I had a lot of fun coming up with the design for this one 🙂 I think you’ll enjoy painting these typically french-looking hens!
If you missed the start of this painting challenge, you can find out more on this page…
Painting Three French Hens in 4 Easy Steps
Did you know the three hens symbolize the virtues of faith, hope and charity.
But why french?
I didn’t know this until recently. It seems that when the words for the 12 days of Christmas rhyme were first written, “french” hens were a highly prized food to be served at the table. The best type of poultry you could dish up was a breed called the “Bresse Gauloise” which originated in France.

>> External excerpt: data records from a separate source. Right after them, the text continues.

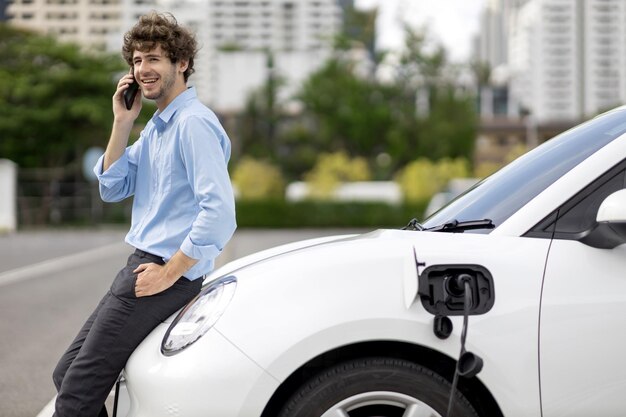 Progressive businessman talking on the phone with recharging electric vehicle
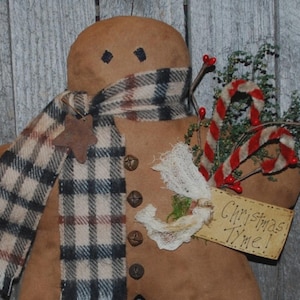 May include: A gingerbread man decoration with a plaid scarf and star detail. It has button features and holds candy canes and greenery. A tag reads "Christmas Time!"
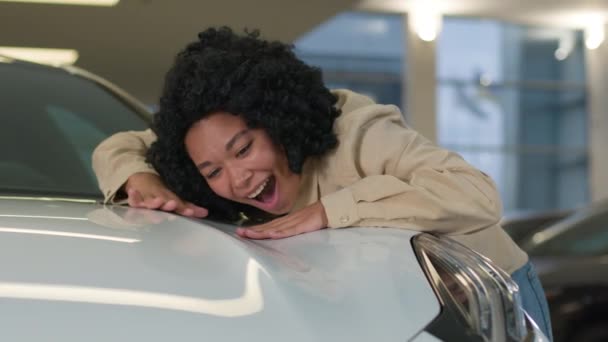 幸せな女性 アフリカ系アメリカ人女性の女性のバイヤーのクライアントは 新しいモダンな車の喜び笑顔の女の子のフードを抱擁店のサロンディーラーで豪華な自動車にリーク車で車を購入夢見ています — ストック動画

As a result, the finest possible chickens to eat were associated with “french” poultry.
So I’ve given my hens a french twist in honor of this tradition 🙂
i.e: note the french-style sweaters – or jumpers for my faithful UK audience!
To get started, you can download the worksheet for this project below:
Try this painting for yourself ! Click the button below to download the worksheet for this painting.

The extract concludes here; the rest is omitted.